Keynes não foi “somente” o pai do “New Deal”, a doutrina que preconizava a intervenção na economia durante a Grande Depressão Americana de 1929, e que voltou à moda com a pandemia do coronavírus. De acordo com um amigo, Leonard Woolf, ele se destacava como “fidalgo, funcionário público, especulador, empresário, jornalista, escritor, fazendeiro, mercador de obras de obras de arte, estadista, administrador de teatro, colecionador de livros e meia dúzia de outras coisas”.
“Os polímatas se caracterizam por sua curiosidade inesgotável”, afirma Burke. “Por isso, são importantes para juntar as várias peças do conhecimento em um todo coerente, como se montassem um quebra-cabeça.”
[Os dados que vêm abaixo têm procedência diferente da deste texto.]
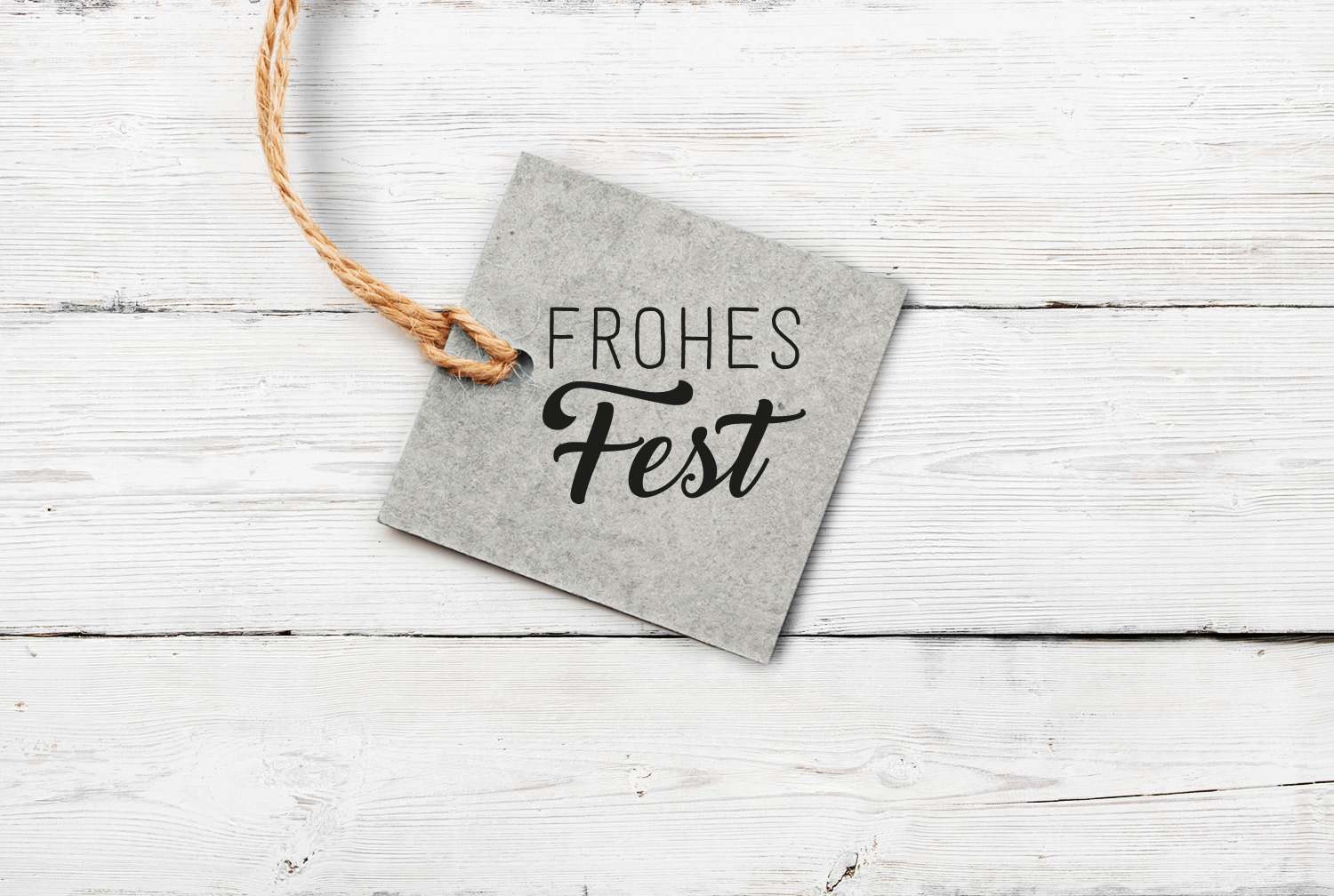 Stempel "Frohes Fest" 25 mm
Para Burke, passamos por uma crise não só econômica e sanitária, mas de conhecimento. Essa crise aponta para a constatação de que há muito para saber, pelo excesso de oferta de informações que não temos tempo de processar e interligar. Situações semelhantes aconteceram dos séculos XVII ao XIX, devido à disseminação do livro e da imprensa. Trata-se de uma terceira onda, imposta pela ascensão da internet e as redes sociais.
Mas hoje, diferentemente de outras épocas, há poucos polímatas realmente relevantes. Burke acredita que a solução para a fragmentação dos saberes é criar departamentos e grupos interdisciplinares que possam lidar com registros e tipos diferentes de disciplinas e conhecimentos. “Como animais em extinção, os polímatas precisam ser preservados e convidados a contribuir com o avanço da ciência”, diz. Será difícil convencer os acadêmicos orgulhosos, encastelados em suas cátedras universitárias.